Question for Pali-knowers re: Kumāra Bhikkhu's translations

Hi everyone,

I’ve been reading the most recent public draft of “What You Might Not Know About Jhāna and Samāhdi” by Kumāra Bhikkhu, and I was wondering what those of you who know Pali feel about the document’s translations of samadhi, jhana, etc. They make sense to me, I must say, from a practical perspective, but I’m not really qualified to speak as to their linguistic soundness. Thanks!

2 Likes

Not really a Pāḷi-knower, but this is more-or-less the conclusion I’ve been coming to for a while now

2 Likes

Had a brief glance. Well-writting, but unfortunately with more wrong ideas of jhana. :frowning: You just have my word for that, though :smiley: So let’s look at the Pali, as that is what you are asking about.

The translation “concentration” for samadhi definitely isn’t really very accurate. So it’s good to get away from that. I’m not too happy about “collected”, though.

The literal meaning of samadhi is “brought (dhi) together (sam)”. You could say bringing things together is collecting them, but in English “to be collected” means something very different than “collecting things”, so it’s a bit misleading, imo, to translate samadhi that way. Because “to be collected” means to be calm, while samadhi has much deeper implications than that.

To me samadhi means “brought together” in the sense of bringing to one place. This is first of all how the word is used in a non-meditative context. A turtle “brings together” (“samadhi-s”) his limbs and head under it’s shell. (SN35.240) Or when you light a fire you bring together (“you samadhi”) the burning kindle with the wood. And this is also how samadhi is defined in a meditative context: as ekodibhava and citassa ekaggata, both having the idea of “unity” (eka) in there. (E.g. MN44)

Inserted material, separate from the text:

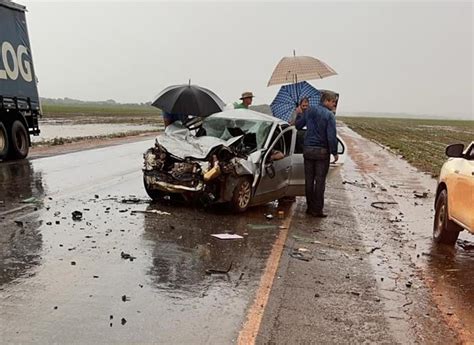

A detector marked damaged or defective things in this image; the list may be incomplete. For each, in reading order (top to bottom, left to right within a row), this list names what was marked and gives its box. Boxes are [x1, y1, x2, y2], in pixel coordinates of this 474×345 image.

wrecked white car [141, 109, 344, 211]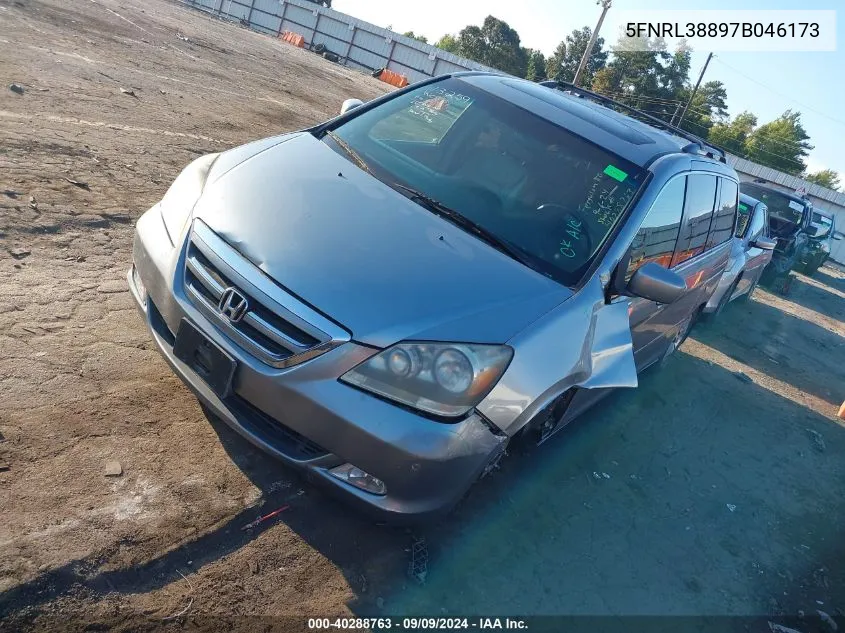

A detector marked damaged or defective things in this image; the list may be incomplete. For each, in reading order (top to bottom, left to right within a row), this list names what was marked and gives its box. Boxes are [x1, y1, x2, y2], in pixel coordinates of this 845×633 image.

dented fender [474, 278, 632, 436]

So one idea behind samadhi, which I adhere to, is that there is just one (eka) sense going on in jhana, which is the mind. You “bring together”, in a sense, all your awareness under the mind, and lose all awareness of sounds and body. Also the sense of “self versus object” disappears, and the experience is “unified” in a sense that there is no feeling of “meditation and me the meditator” but just the meditatio nitself. (Which, tangentially, is super weird, but exactly why the jhanas can lead to insight into anatta, the absence of a self.) And in the second jhana, which is said to be “born of samadhi”, also the movement of the mind ceases, so here it means oneness in the sense of stability of the object and awareness, which doesn’t move.

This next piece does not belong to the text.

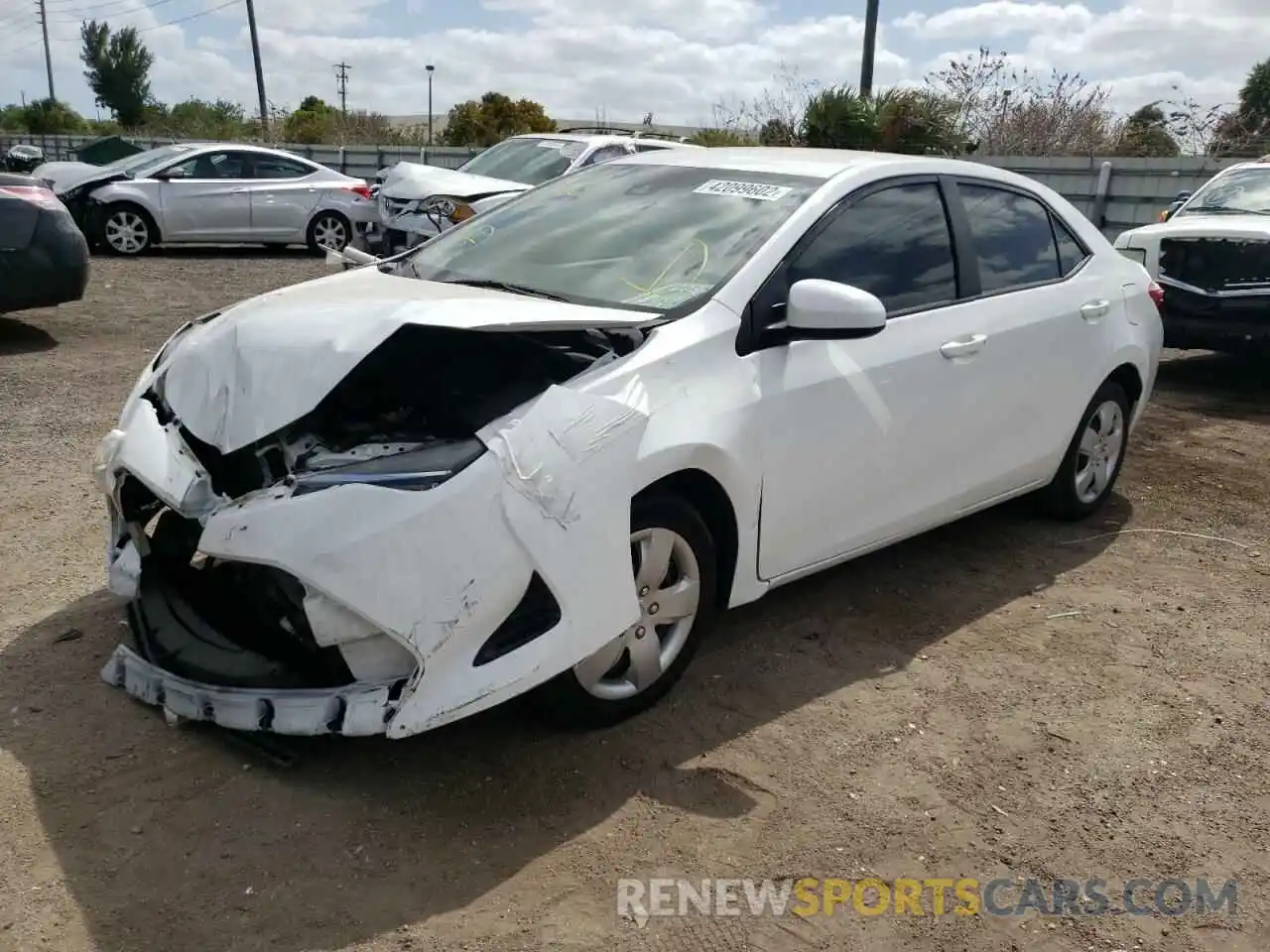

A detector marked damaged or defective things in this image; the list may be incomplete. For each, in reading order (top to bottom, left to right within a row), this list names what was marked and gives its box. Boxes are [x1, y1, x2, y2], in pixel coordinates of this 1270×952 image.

As to the word “jhana”, it’s true that it can in some rather rare contexts mean “meditation” in a general sense. However, when talking about the jhanas in context of samma samadhi, they are not. Here the jhanas are obviously numbered (as the first, second, third, fouth), and they are always described with very specific formulas, where they always follow one another in a definite sequence. So we are obviously talking about very specific states. It no longer means meditation in general, but certain definite states. Context is important here.

On a more general note, superficial ideas about jhanas such as these perhaps may seem to make some sense from a practical perspective, probably because they are more “accessible”, but don’t forget that in the suttas even great arahants-to-be like Mogallana had trouble with accessing the jhanas. Also, the jhanas are on the same level of “attainment” as psychic powers, such as reading minds, remembering past lives, astral projection, and such, and the stages of enlightenment, too: all these very deep and non-ordinary things that require a lot of practice, they are all called extraordinary superhuman states. Again, together with the jhanas. So if someone has jhanas, they also will have these kind of powers available, according to the suttas.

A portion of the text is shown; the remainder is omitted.